Rod Harm’s Interview with The Mercury, August 14, 2012, Reporter Corene Brisendine. Question 7. Where do you rank the Wildcat Creek flooding issues for the commission? Well, it’s pretty high on my personal agenda, and I think it should be high on the county and city commission’s agenda too. It may not rank up there with the finishing the health department transition or figuring out how to reduce the law board budget, perhaps. But, it’s not if, it’s when, Wildcat Creek will flood again. This spring we had a two or three inch rain way up in the north of Riley County. It had no impact to Manhattan. It did $100,000 damage to bridges and roads in Riley County. A non-consequential event did $100,000 worth of damage. If that doesn’t tell you some action needs to be taken, nothing will. When Wildcat Creek flooding hit Manhattan June 2011 (and June 2010), I think it was close to $1 million in public damage and untold millions in private property damage. How long do we allow that to happen? Now then, there is also a social injustice of it. Who is impacted? The same people every time. Did the residents of National Church Residents do anything to deserve that? No. I’m told by the manager that the residents are weary enough that no one will live on the first floor (because they’ve lost their personal property two times).

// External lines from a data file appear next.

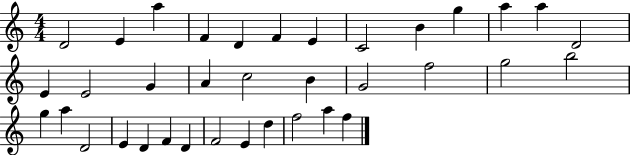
X:1
T:Untitled
M:4/4
L:1/4
K:C
D2 E a F D F E C2 B g a a D2 E E2 G A c2 B G2 f2 g2 b2 g a D2 E D F D F2 E d f2 a f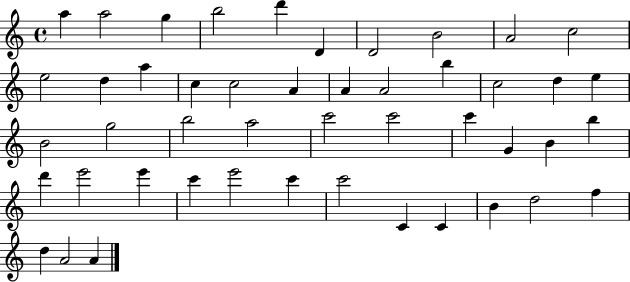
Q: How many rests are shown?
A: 0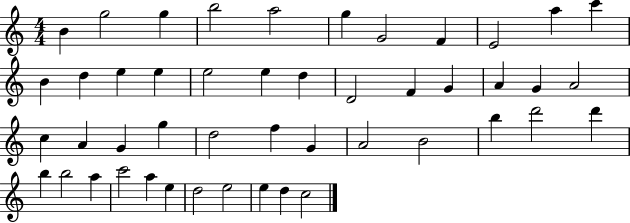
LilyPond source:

{
  \clef treble
  \numericTimeSignature
  \time 4/4
  \key c \major
  b'4 g''2 g''4 | b''2 a''2 | g''4 g'2 f'4 | e'2 a''4 c'''4 | \break b'4 d''4 e''4 e''4 | e''2 e''4 d''4 | d'2 f'4 g'4 | a'4 g'4 a'2 | \break c''4 a'4 g'4 g''4 | d''2 f''4 g'4 | a'2 b'2 | b''4 d'''2 d'''4 | \break b''4 b''2 a''4 | c'''2 a''4 e''4 | d''2 e''2 | e''4 d''4 c''2 | \break \bar "|."
}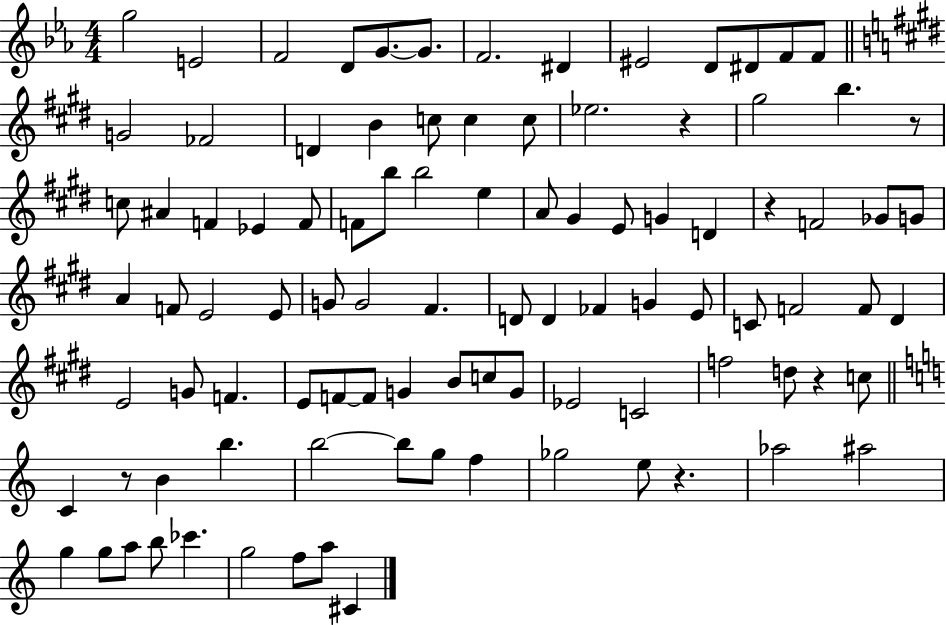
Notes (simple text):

G5/h E4/h F4/h D4/e G4/e. G4/e. F4/h. D#4/q EIS4/h D4/e D#4/e F4/e F4/e G4/h FES4/h D4/q B4/q C5/e C5/q C5/e Eb5/h. R/q G#5/h B5/q. R/e C5/e A#4/q F4/q Eb4/q F4/e F4/e B5/e B5/h E5/q A4/e G#4/q E4/e G4/q D4/q R/q F4/h Gb4/e G4/e A4/q F4/e E4/h E4/e G4/e G4/h F#4/q. D4/e D4/q FES4/q G4/q E4/e C4/e F4/h F4/e D#4/q E4/h G4/e F4/q. E4/e F4/e F4/e G4/q B4/e C5/e G4/e Eb4/h C4/h F5/h D5/e R/q C5/e C4/q R/e B4/q B5/q. B5/h B5/e G5/e F5/q Gb5/h E5/e R/q. Ab5/h A#5/h G5/q G5/e A5/e B5/e CES6/q. G5/h F5/e A5/e C#4/q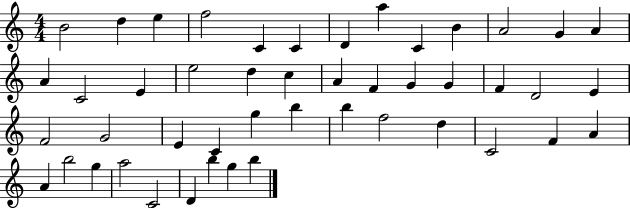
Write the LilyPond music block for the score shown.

{
  \clef treble
  \numericTimeSignature
  \time 4/4
  \key c \major
  b'2 d''4 e''4 | f''2 c'4 c'4 | d'4 a''4 c'4 b'4 | a'2 g'4 a'4 | \break a'4 c'2 e'4 | e''2 d''4 c''4 | a'4 f'4 g'4 g'4 | f'4 d'2 e'4 | \break f'2 g'2 | e'4 c'4 g''4 b''4 | b''4 f''2 d''4 | c'2 f'4 a'4 | \break a'4 b''2 g''4 | a''2 c'2 | d'4 b''4 g''4 b''4 | \bar "|."
}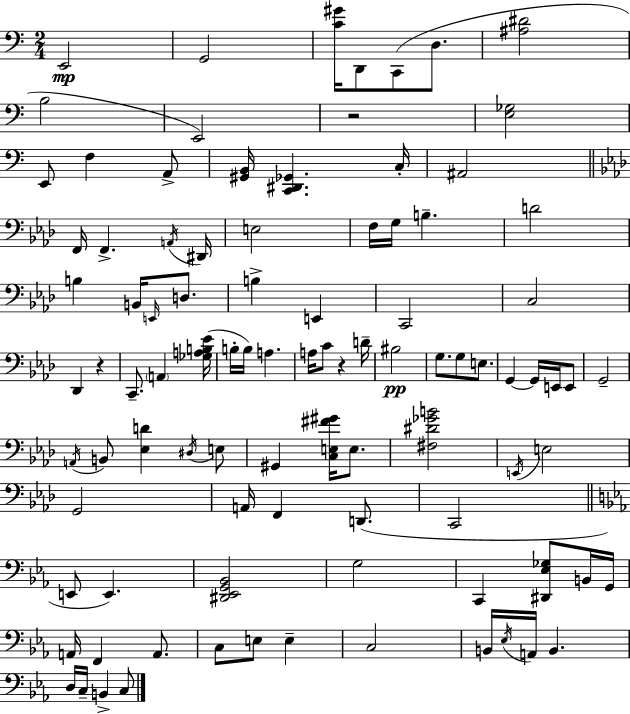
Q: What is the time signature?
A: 2/4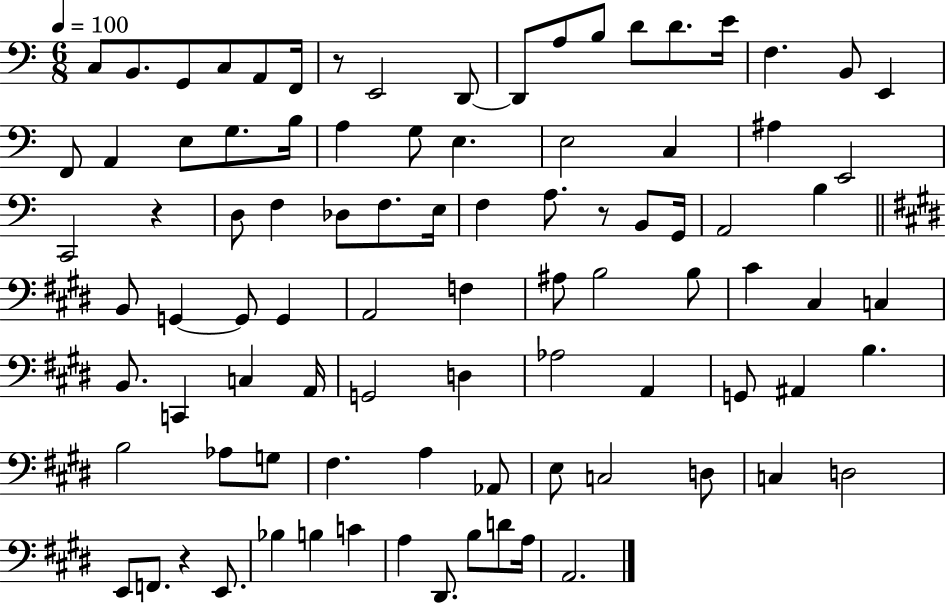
C3/e B2/e. G2/e C3/e A2/e F2/s R/e E2/h D2/e D2/e A3/e B3/e D4/e D4/e. E4/s F3/q. B2/e E2/q F2/e A2/q E3/e G3/e. B3/s A3/q G3/e E3/q. E3/h C3/q A#3/q E2/h C2/h R/q D3/e F3/q Db3/e F3/e. E3/s F3/q A3/e. R/e B2/e G2/s A2/h B3/q B2/e G2/q G2/e G2/q A2/h F3/q A#3/e B3/h B3/e C#4/q C#3/q C3/q B2/e. C2/q C3/q A2/s G2/h D3/q Ab3/h A2/q G2/e A#2/q B3/q. B3/h Ab3/e G3/e F#3/q. A3/q Ab2/e E3/e C3/h D3/e C3/q D3/h E2/e F2/e. R/q E2/e. Bb3/q B3/q C4/q A3/q D#2/e. B3/e D4/e A3/s A2/h.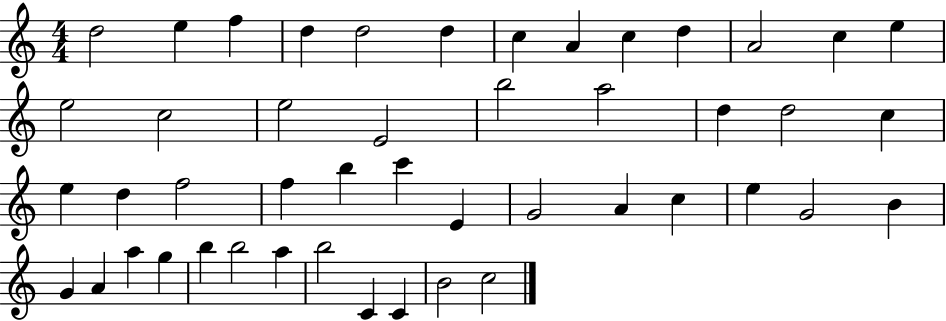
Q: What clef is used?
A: treble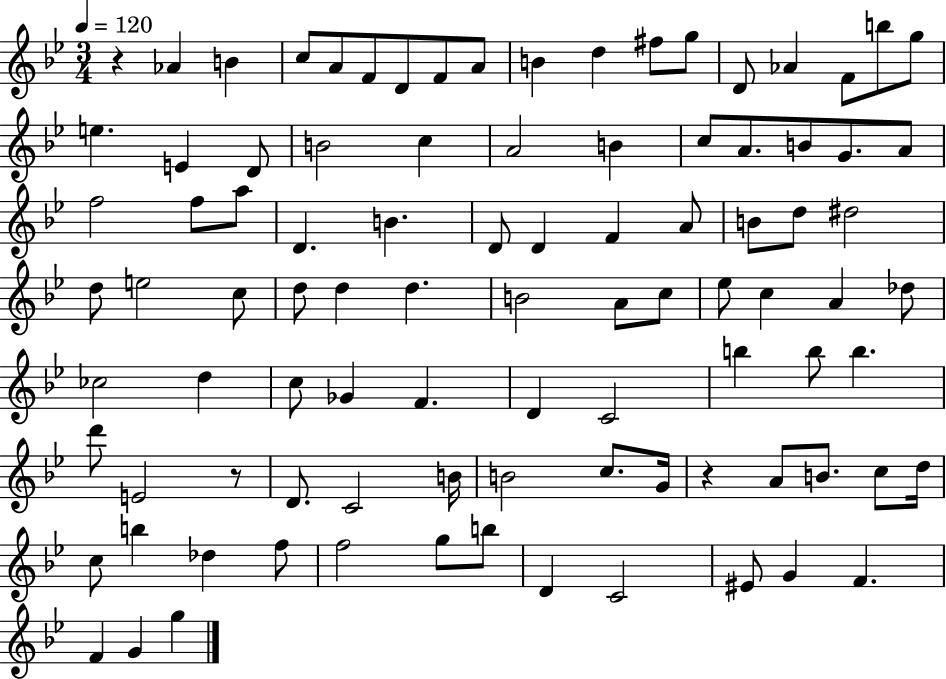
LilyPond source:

{
  \clef treble
  \numericTimeSignature
  \time 3/4
  \key bes \major
  \tempo 4 = 120
  r4 aes'4 b'4 | c''8 a'8 f'8 d'8 f'8 a'8 | b'4 d''4 fis''8 g''8 | d'8 aes'4 f'8 b''8 g''8 | \break e''4. e'4 d'8 | b'2 c''4 | a'2 b'4 | c''8 a'8. b'8 g'8. a'8 | \break f''2 f''8 a''8 | d'4. b'4. | d'8 d'4 f'4 a'8 | b'8 d''8 dis''2 | \break d''8 e''2 c''8 | d''8 d''4 d''4. | b'2 a'8 c''8 | ees''8 c''4 a'4 des''8 | \break ces''2 d''4 | c''8 ges'4 f'4. | d'4 c'2 | b''4 b''8 b''4. | \break d'''8 e'2 r8 | d'8. c'2 b'16 | b'2 c''8. g'16 | r4 a'8 b'8. c''8 d''16 | \break c''8 b''4 des''4 f''8 | f''2 g''8 b''8 | d'4 c'2 | eis'8 g'4 f'4. | \break f'4 g'4 g''4 | \bar "|."
}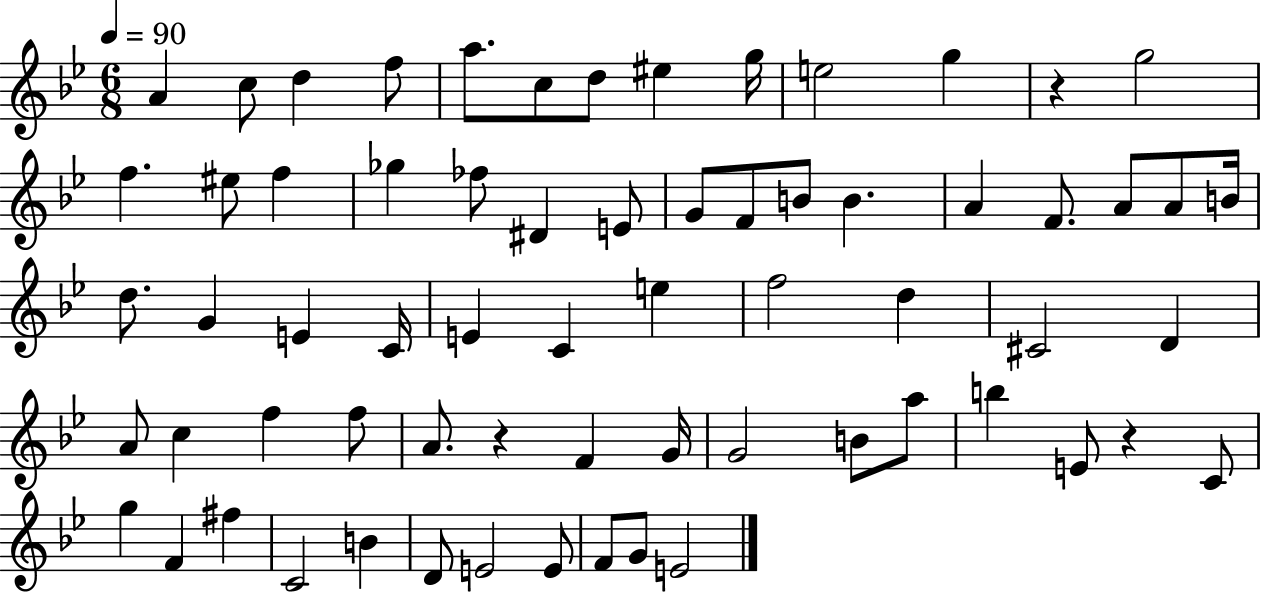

So, it just doesn’t make any sense to ignore this problem. And we can spend days/months/weeks arguing that the flooding was caused by this new development or the Optimist Ball Fields filling in the flood plain—or we can accept it as fact. It’s reality. We need to deal with it. The Wildcat Creek Working Group subcommittee I chair deals with detention and watersheds. We have had the local working group meetings and my sub-committee has met with the state, KDHE, KWO, Dept. of Agriculture and other departments, through all that, what I believe today, with the information we have gathered to date, it seems very clear that a Wildcat Creek Watershed District is a statutory mechanism that could be implemented that could start to solve
our problems. There are watershed districts all over the state. Its kind of a surprise we don’t have one in Riley County. There’s some in Pottawatomie County and to the east. I would say there probably aren’t any in Riley County because of the takings related to Tuttle Creek Reservoir, the big fight, “big” government and all that. My “grandfather’s” watershed district built farm ponds and detention structures all over the state. Watershed districts have taxing and bonding authority. This could be a concern—the conservative city commissioners may compare a watershed district to the law board. A watershed district has its own board of directors elected by the residents within the district—They can levy, by state statute, up to five mills. Now, I say, all we need is a half a mill, but the naysayers will say, “But they could do it.” If a board does levy more than what the residents think appropriate, in the next election you need to vote those guys off the board. But they do have the authority to raise five mills in levies. A key component is the district has the authority to bond improvements, sell bonds. Which is a market based things, if the bonds are worthless, investors won’t buy them. The process includes development of a watershed plan. The plan is then approved by the state water office. You define the watershed district boundary, which is easy to do with todays high resolution maps. The perimeter of the district is defined as any where a drop of water falls and ultimately finds its way into Wildcat Creek (approximately 98 square miles. Any parcel within that district, would be subject to the mill levy. Everybody worries that the farmers and the ranchers will be taxed. A preliminary spreadsheet, prepared by Greg McHenry, county appraiser indicates that revenue from a watershed district would come 0.5% from ag land, 2.5% farms, 23% commercial and 73% residential (1% other) ? The total tax estimated on farms was $2,600. – the total from all the farms in the 98 square mile watershed district. The majority of the revenue is collected from commercial interests and urban residential, where it should be in my opinion. I think that it’s fair
as rural areas are where the improvements can be made at economical costs. If we tried to create a large detention structure over by the Garden Way apartments—build some big structure there—as opposed to 12 miles upstream in the watershed it would be much more expensive. And then another reality of that is, why put an improvement at the downstream end of the watershed instead of putting it at the top of the watershed to benefit more people. The higher in the watershed the greater benefit or improvement to the base flows of the creek Soil conservation district representatives believe that in that 98 square miles there are some number of farmers and ranchers that have a project in mind, that if they had some assistance, they would agree to undertake it. It’s just not ponds. It’s riparian buffers, pulling cultivated crop land farther away from the creek bank, planting deciduous tree cover. You don’t straighten out the channel. You want to do everything you can to increase the length of the channel and increase infiltration. So, it is a problem, maybe not the one on the top of the pile. But there is a mechanism to address that. And we should vet that.